TASK ITEM
An exact copy is needed of the lines in the entries below from the line with "XILIN DB Тележка" up to and including the line with "Memasuki Akhir Q2, Menteri", and of nothing else. Leave the pictures out.

(Short text fragments from websites)
•••

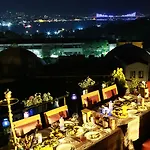 Hotel Meddusa Estambul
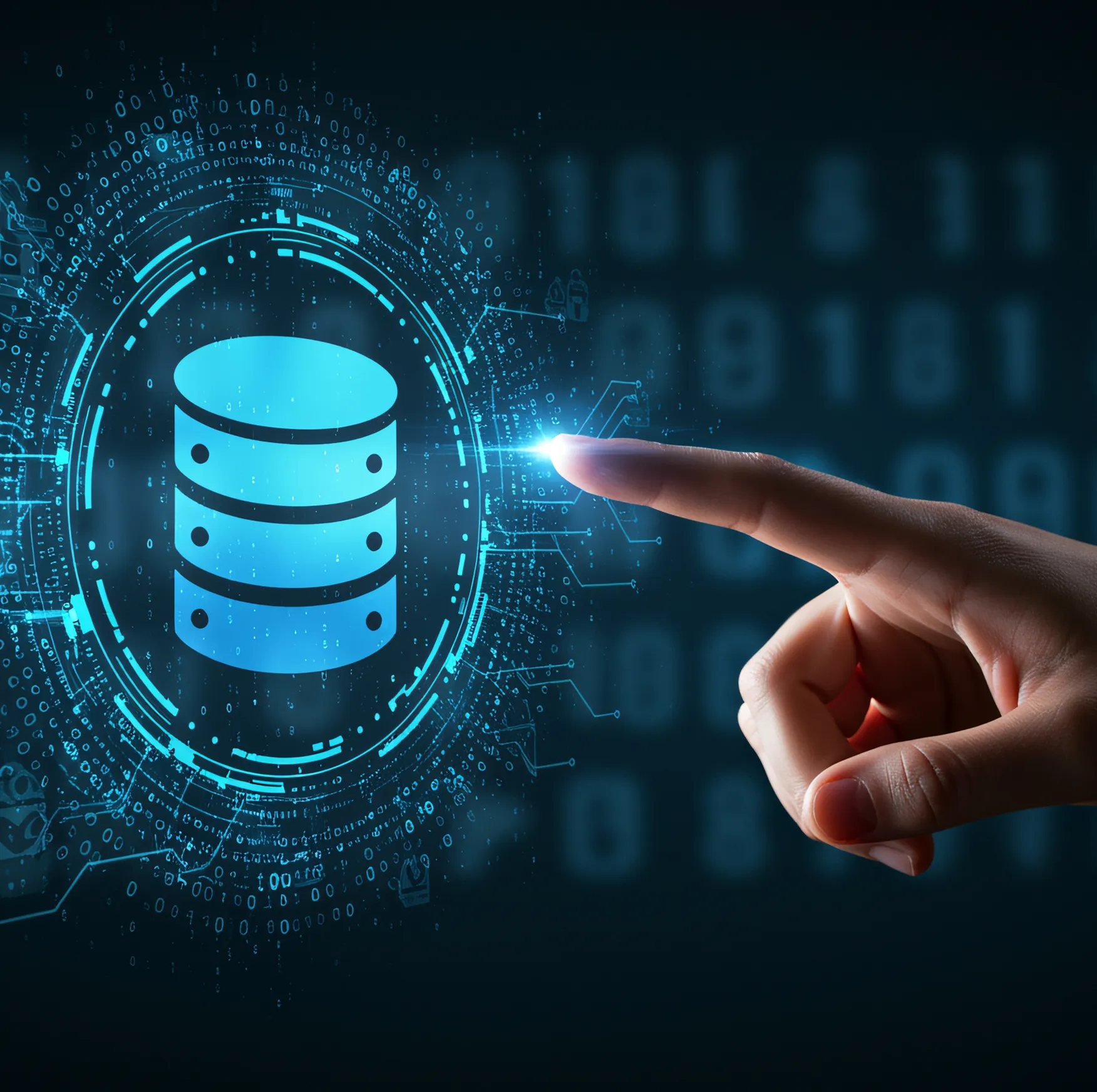 Database & Middleware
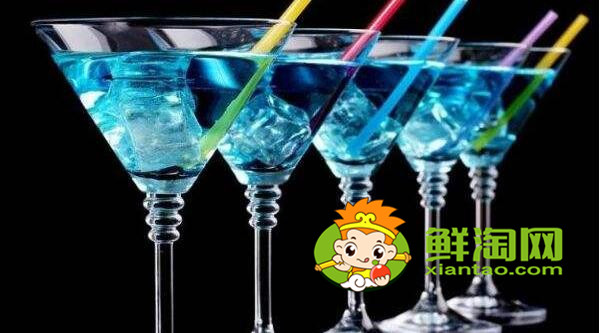 rio雞尾酒怎么調好喝,rio雞尾酒花樣喝法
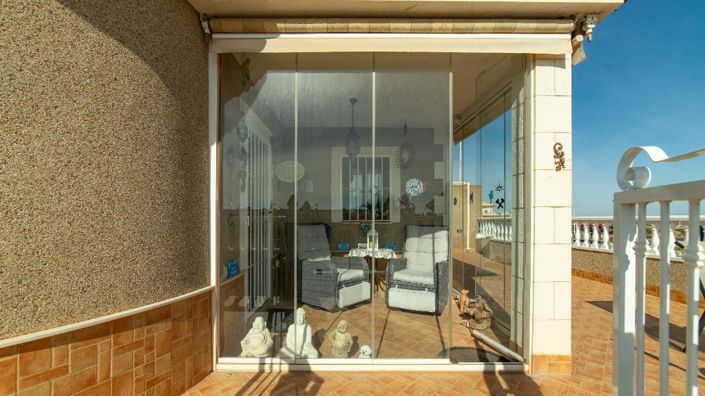 Image No.8-Villa de 2 chambres à vendre à Los Altos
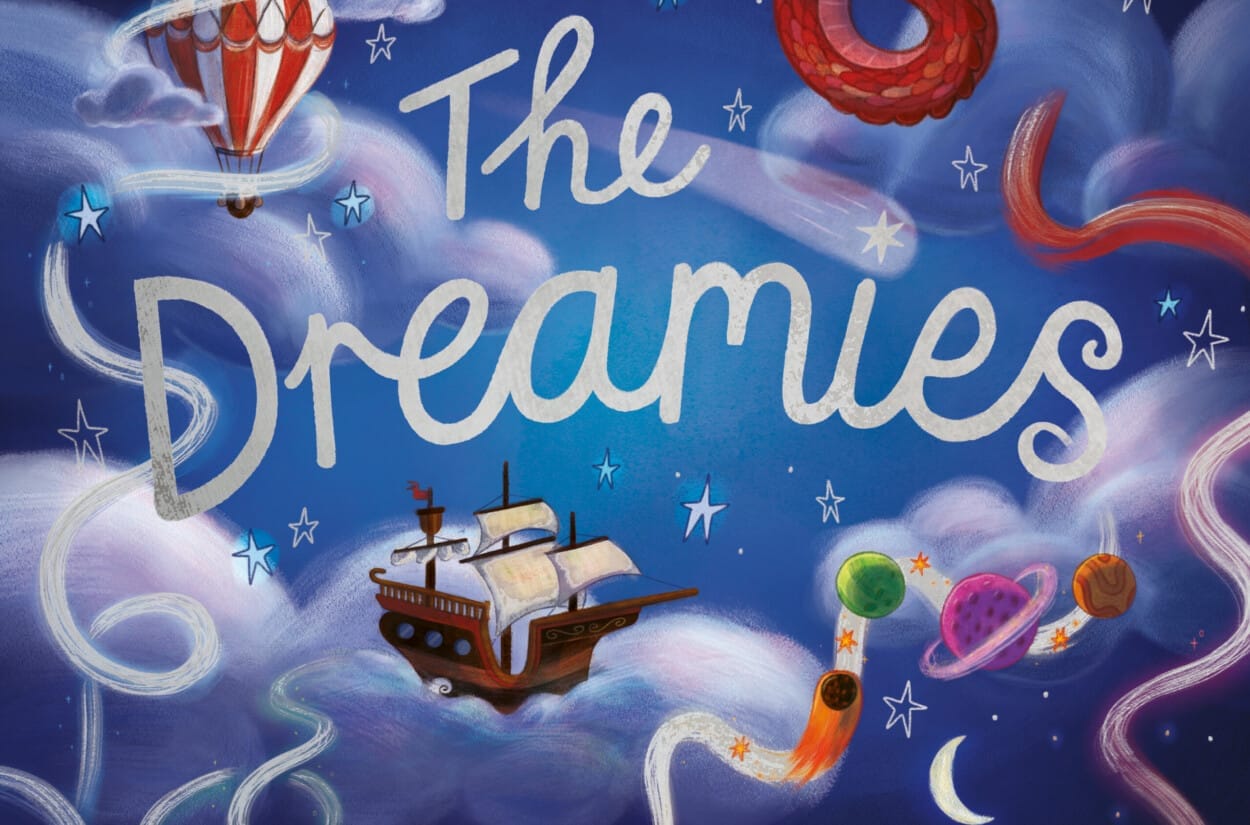 The Dreamies: Story and Dream Catcher Workshop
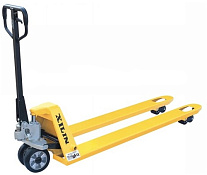 Тележка гидравлическая 2000 кг 1150 мм резиновые колеса XILIN DB Тележка гидравлическая 2000 кг 1150 мм резиновые колеса XILIN DB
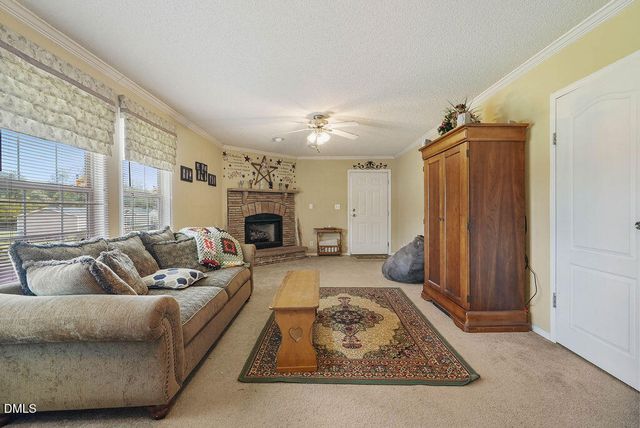 412 Joe Collins Road, Lillington, NC 27546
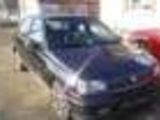 dezmembrarea unui Renault Clio 1,9 Diesel,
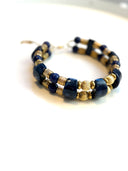 CHOKER LIMA NAVY
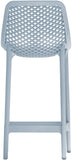 Mykonos - Outdoor Patio Stool (Set of 2)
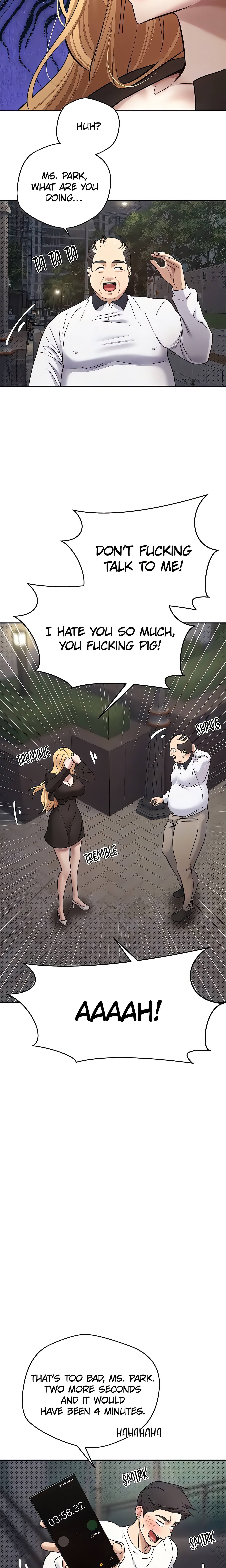 Turning My Life Around With Crypto(Uncensored) Chapter 7 - Page 7 in English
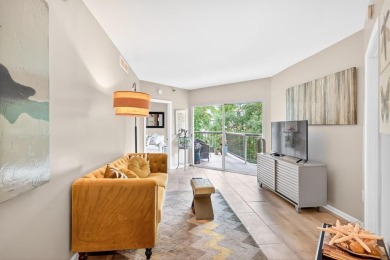 RARE 2 bedroom 2 bath in the heart of Midtown/Buckhead with a on Bobby Jones Golf Club in Georgia - for sale on GolfHomes.com, golf home, golf lot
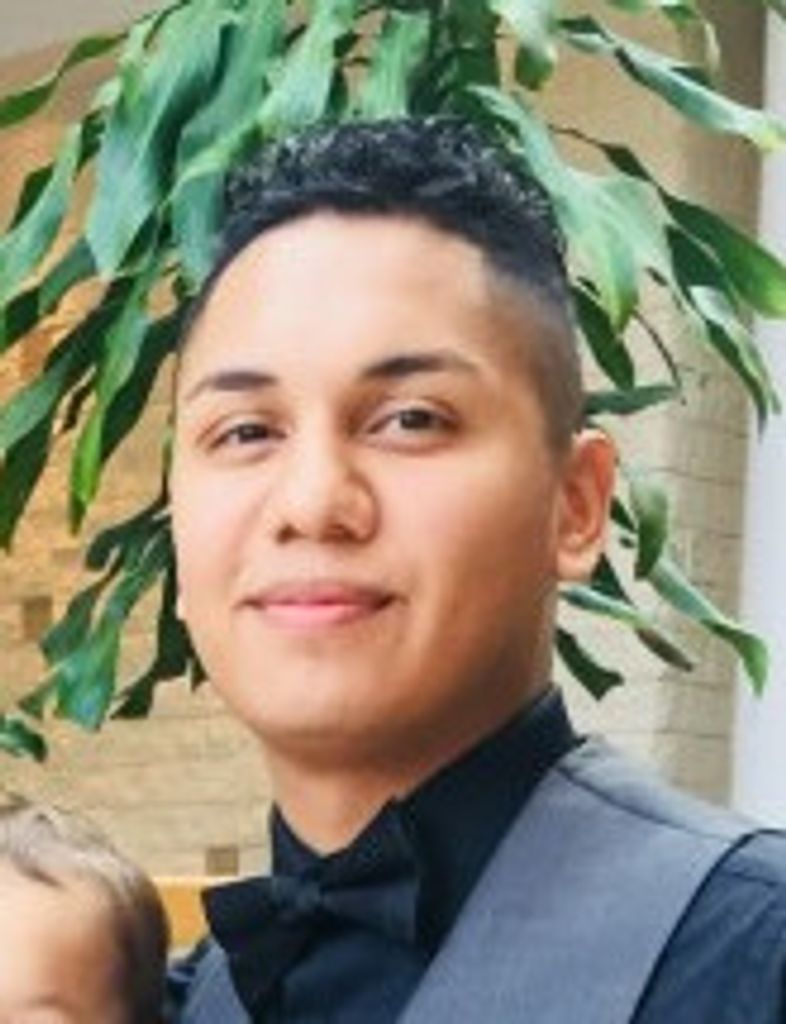 Henry Gomez Profile Photo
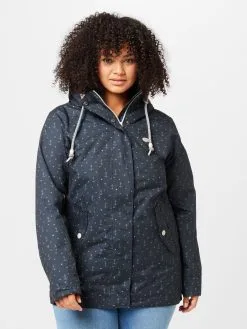 Tussenjassen Tussenjas LENCA MARINA Dames Navy 7 Tussenjassen Tussenjas LENCA MARINA Dames Navy -Ragwear Verkoop de98337b4da083a62fc7e6390b9c5e07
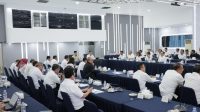 Memasuki Akhir Q2, Menteri Nusron Imbau Jajaran Reviu Capaian dan Penuntasan Target Kerja
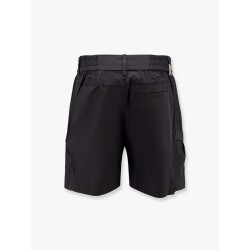 Cargo tech bermuda shorts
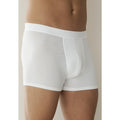 Plain Colour Micromodal Boxer Briefs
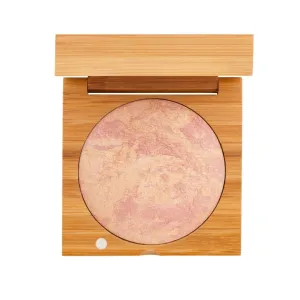 Certified Organic Baked Highlighter Endless Summer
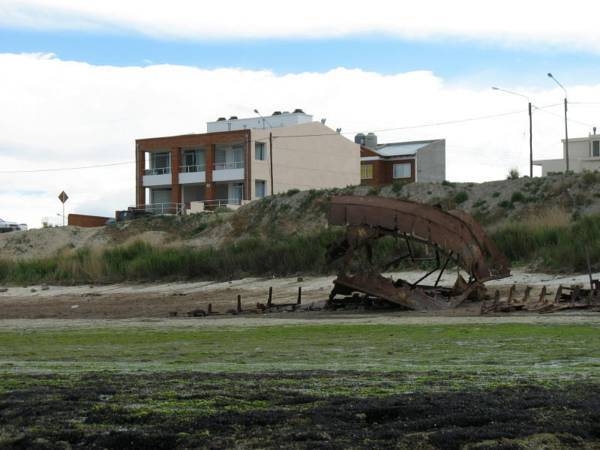 Hotel Apart el Barco (Puerto Madryn)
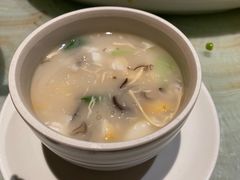 -湖滨28中餐厅·西湖宴·杭州君悦酒店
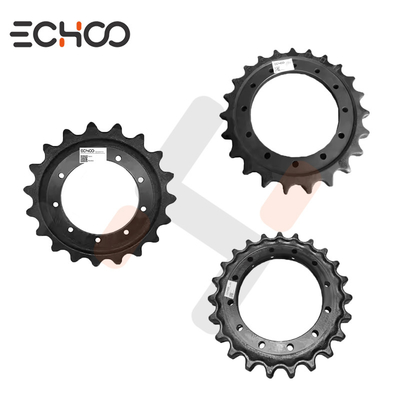 Sprocket Takeuchi TB015 मिनी उत्खननकर्ता अंडरकारेज एक्सेसरीज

•••

SOLUTION
 Тележка гидравлическая 2000 кг 1150 мм резиновые колеса XILIN DB Тележка гидравлическая 2000 кг 1150 мм резиновые колеса XILIN DB
 412 Joe Collins Road, Lillington, NC 27546
 dezmembrarea unui Renault Clio 1,9 Diesel,
 CHOKER LIMA NAVY
 Mykonos - Outdoor Patio Stool (Set of 2)
 Turning My Life Around With Crypto(Uncensored) Chapter 7 - Page 7 in English
 RARE 2 bedroom 2 bath in the heart of Midtown/Buckhead with a on Bobby Jones Golf Club in Georgia - for sale on GolfHomes.com, golf home, golf lot
 Henry Gomez Profile Photo
 Tussenjassen Tussenjas LENCA MARINA Dames Navy 7 Tussenjassen Tussenjas LENCA MARINA Dames Navy -Ragwear Verkoop de98337b4da083a62fc7e6390b9c5e07
 Memasuki Akhir Q2, Menteri Nusron Imbau Jajaran Reviu Capaian dan Penuntasan Target Kerja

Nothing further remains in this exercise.